Algorithm used to compute the MIC on the two ends, is different.
  • AS2 specification only provides sha1 and md5 as MIC algorithms, but in most cases AS2 vendors prefer stronger algorithms like SHA-256 or SHA-512.
  • Usually the sender requests a specific MIC algorithm by including a Disposition-Notification-Options header in the AS2 transmission; however the recipient may have ignored it and used a different/fixed algorithm to compute the returned MIC.
  • It is a common practice to use the message signature algorithm itself to compute the MIC as well.
Format of the MIC string is different.

The MIC string is usually {MIC value}, {MIC algorithm name}; the variants in white-space usage and the algorithm name format/case could cause issues across implementations. For example, if sender expects sha-256 as the algorithm name (e.g. MIC foobar, sha-256) but receiver uses sha256 name (foobar, sha256), MIC may be marked as unmatched on sender’s side.

Payload is altered/corrupted.

If there have been successful (MIC-matched) exchanges previously, an isolated occurrence (or series of occurrences) could actually indicate a corruption in the payload, or a man-in-the-middle (MITM) exploitation. Review all security parameters of the AS2 connection; esp. the algorithms and certificates used for encryption and signature. If there is a suspicion of the security keys being compromised, they would need to be rotated and re-configured on the remote end.

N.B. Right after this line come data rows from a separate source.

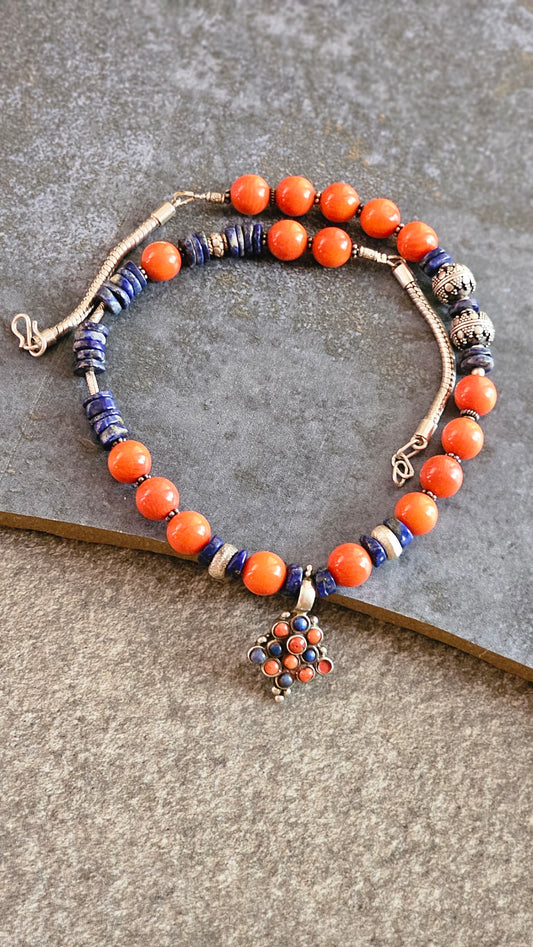 Coral & Lapis Vintage Pendant Necklace (92.5 Silver)
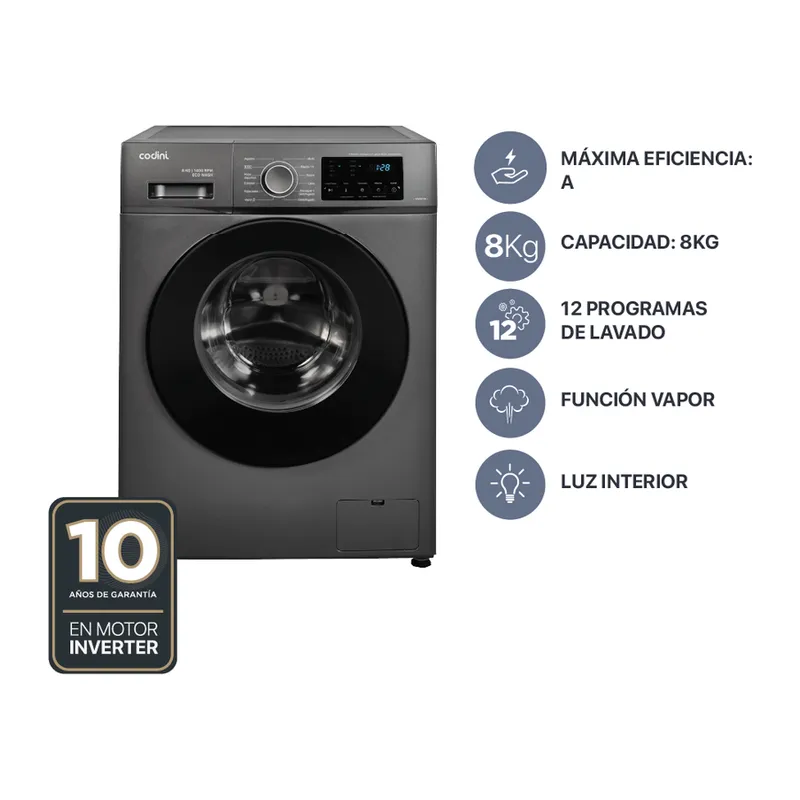  Lavarropas Automático Codini 8014 Gris 8kgs 1400rpm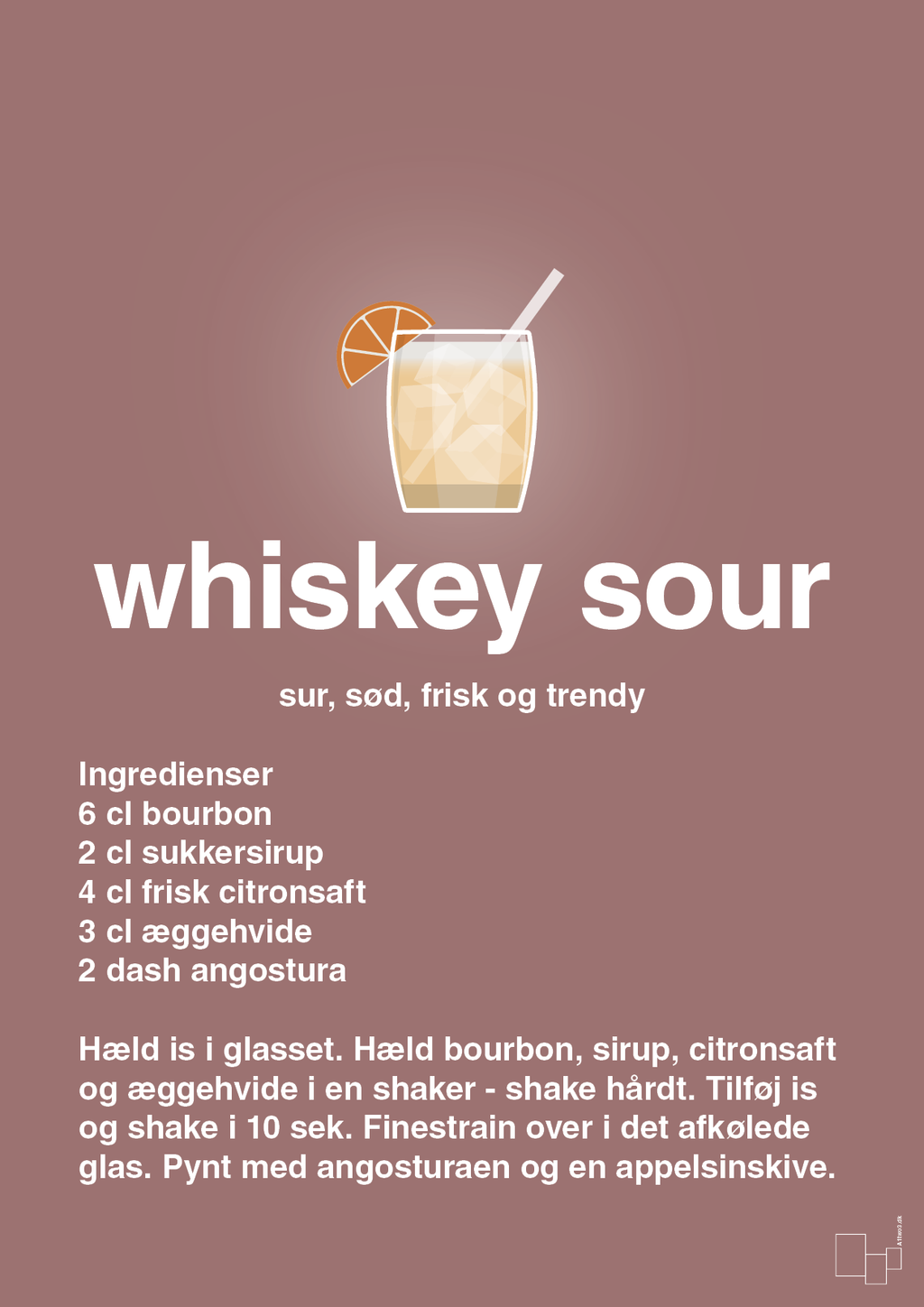 plakat: whiskey sour - plum-Cocktails-A1two3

MDN signature verification failure

Receiver can optionally sign the returned MDN using their private key (for the sender to verify its authenticity, upon receipt - similar to how the receiver verifies the received AS2 message signature). If this verification fails, sender has no guarantee that the MDN is authentic (that it originated from sender) or intact (that it was not modified during transfer).

Symptom:

Sender’s AS2 system reports a signature verification failure for the received MDN. As in previous cases, the MDN itself could be marked as successful.

Solution:

Ensure that the receiver’s signature/verification certificate is configured correctly on sender’s side.